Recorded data
◆ ◆ ◆ ◆
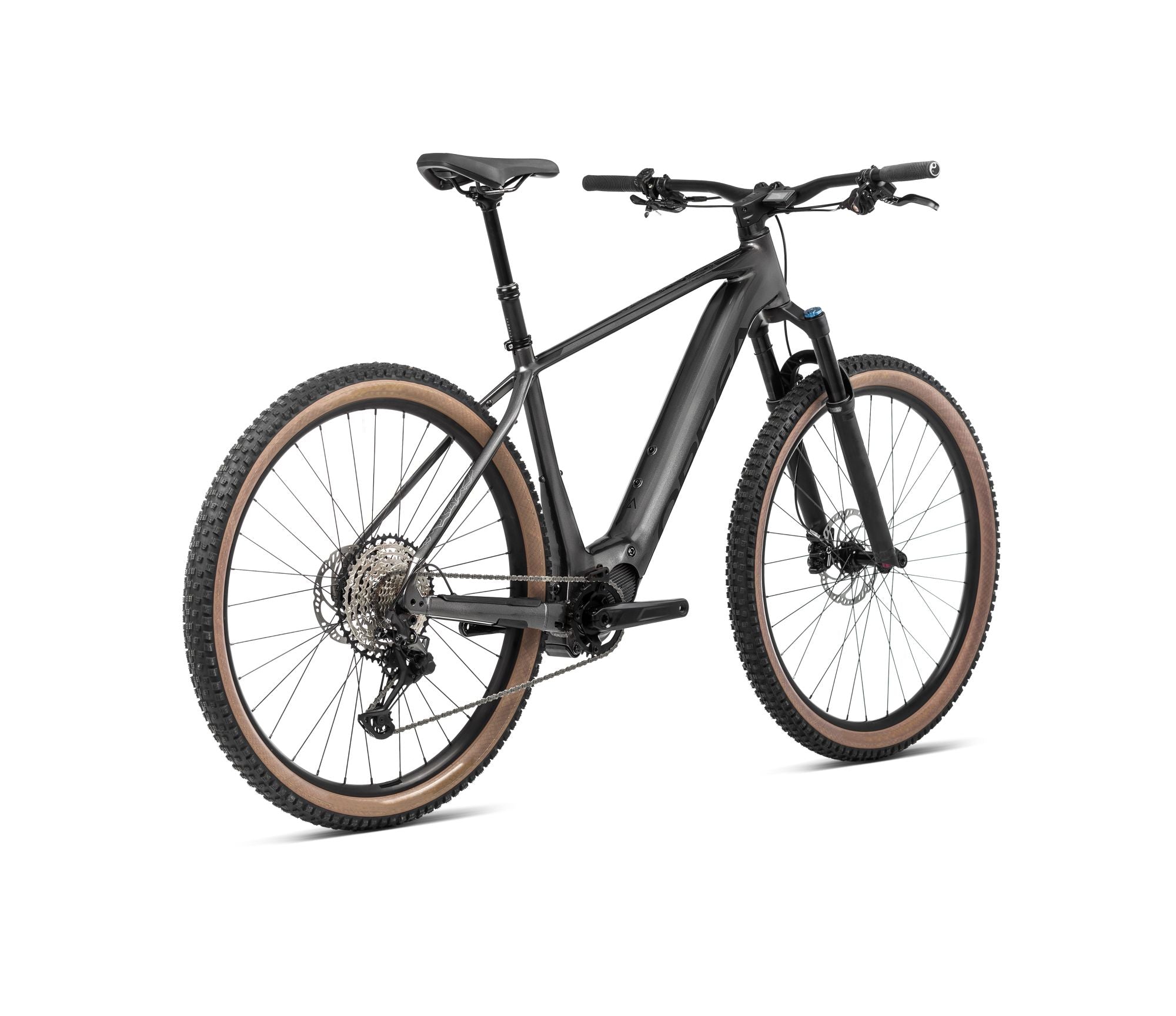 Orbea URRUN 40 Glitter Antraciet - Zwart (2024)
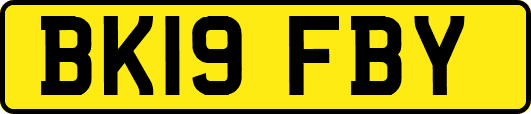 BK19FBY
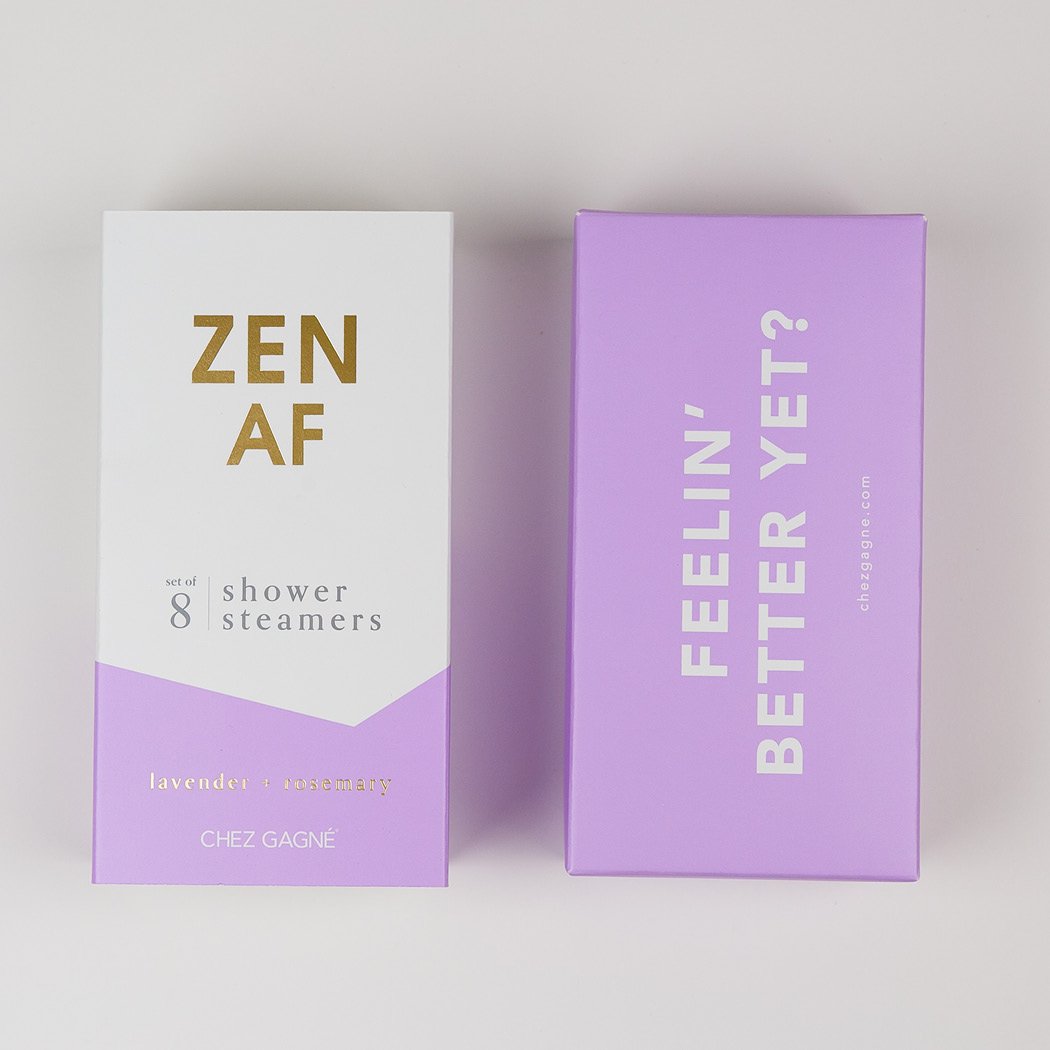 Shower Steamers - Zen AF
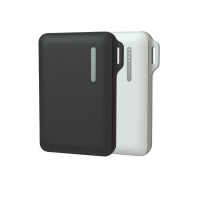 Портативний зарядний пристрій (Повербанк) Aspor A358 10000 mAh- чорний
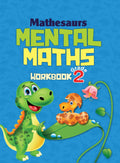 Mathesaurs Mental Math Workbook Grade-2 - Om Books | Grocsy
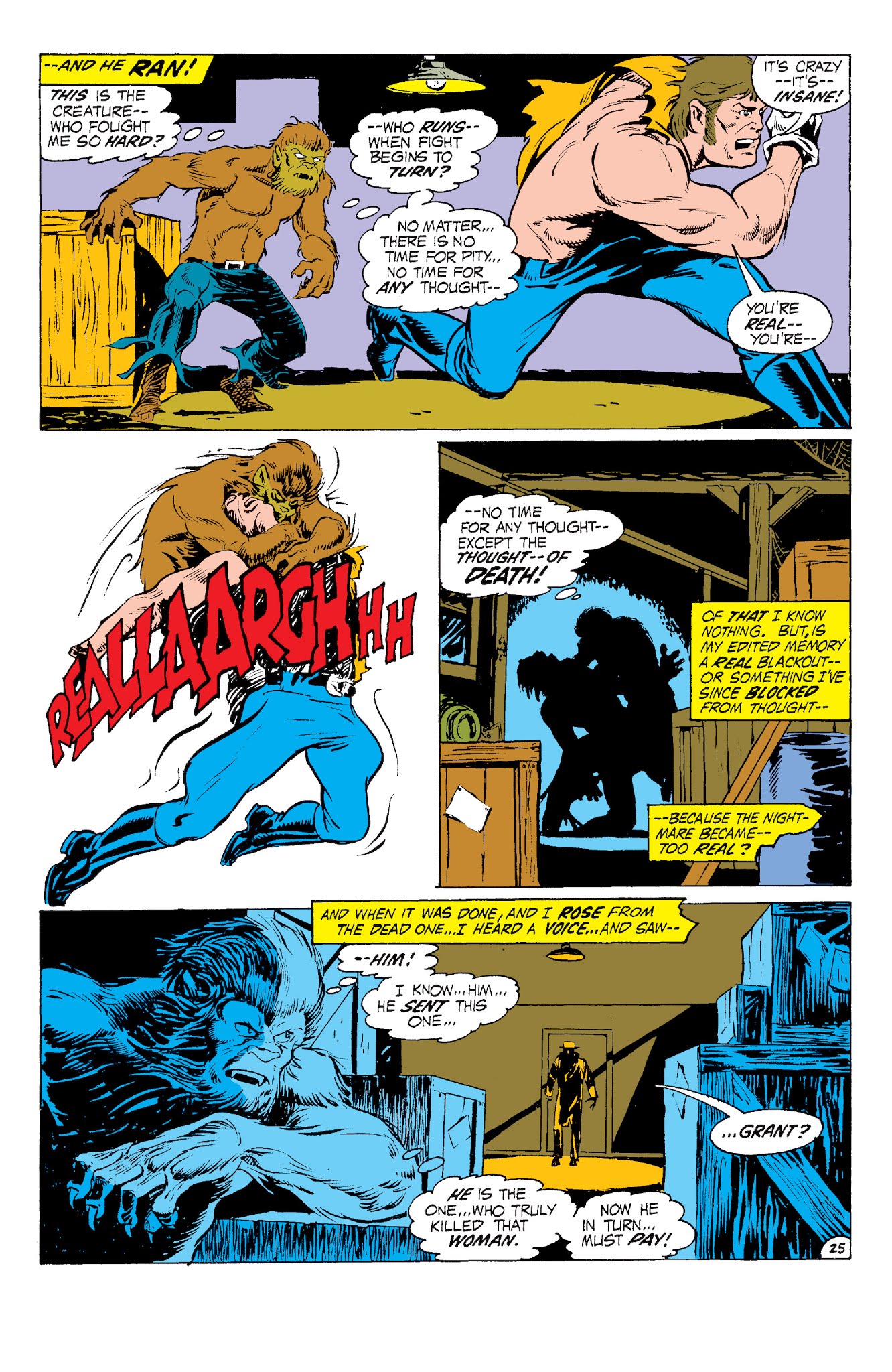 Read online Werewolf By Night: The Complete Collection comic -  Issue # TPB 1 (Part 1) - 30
◆ ◆ ◆ ◆
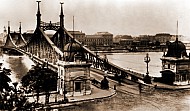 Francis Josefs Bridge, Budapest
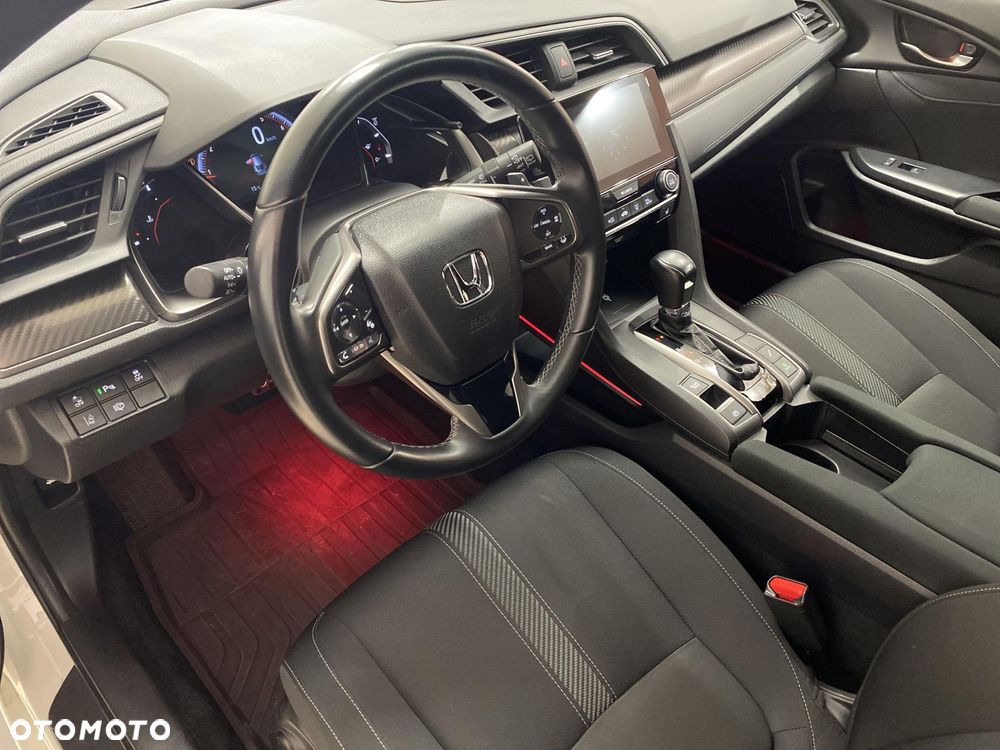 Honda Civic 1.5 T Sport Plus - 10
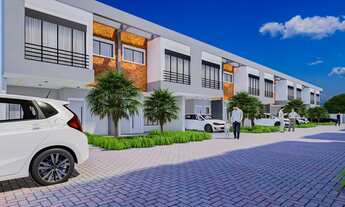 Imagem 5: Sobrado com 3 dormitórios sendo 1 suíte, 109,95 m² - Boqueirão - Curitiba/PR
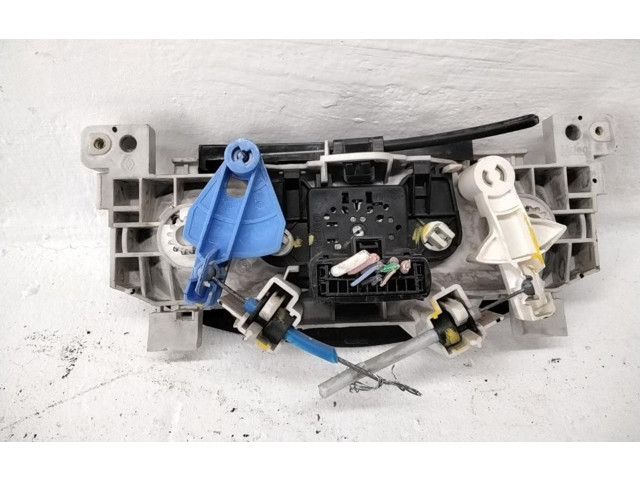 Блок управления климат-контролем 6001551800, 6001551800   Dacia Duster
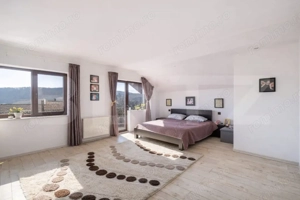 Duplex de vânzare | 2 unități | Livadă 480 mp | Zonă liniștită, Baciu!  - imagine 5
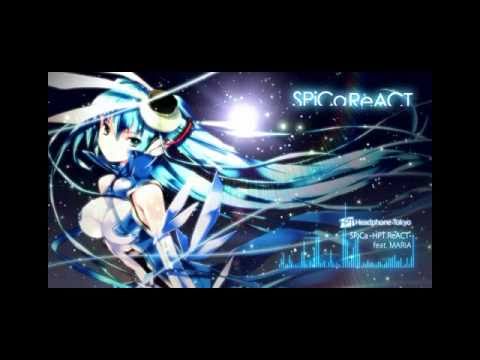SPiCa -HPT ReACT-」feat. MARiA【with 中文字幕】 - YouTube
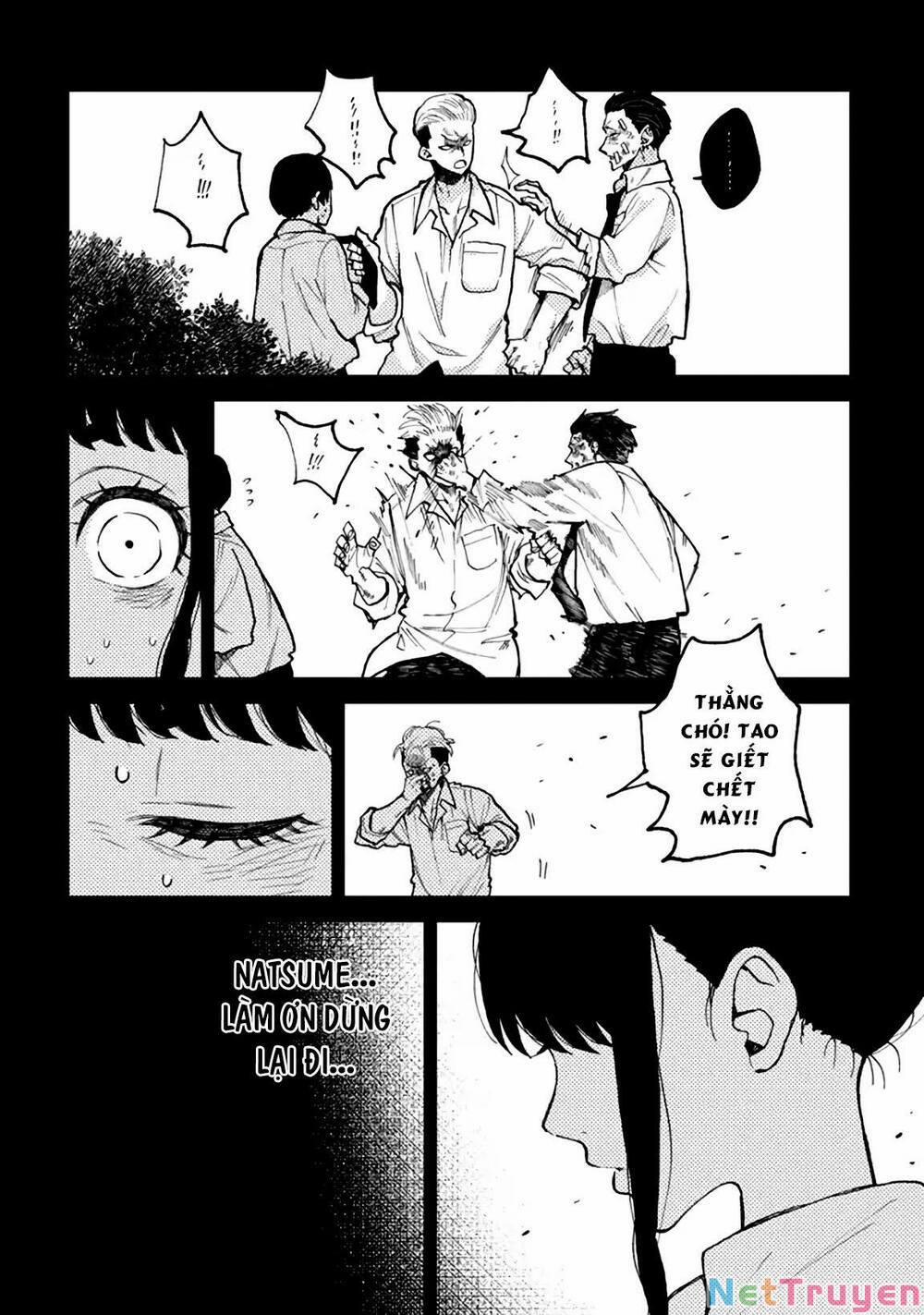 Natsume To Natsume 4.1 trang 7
◆ ◆ ◆ ◆
Instructions for the task » Beginning with the line above that has "Orbea URRUN 40" and going on through the line that has "Read online Werewolf", retype every line exactly and add nothing else; drop the pictures.

Answer area »
 Orbea URRUN 40 Glitter Antraciet - Zwart (2024)
 BK19FBY
 Shower Steamers - Zen AF
 Портативний зарядний пристрій (Повербанк) Aspor A358 10000 mAh- чорний
 Mathesaurs Mental Math Workbook Grade-2 - Om Books | Grocsy
 Read online Werewolf By Night: The Complete Collection comic -  Issue # TPB 1 (Part 1) - 30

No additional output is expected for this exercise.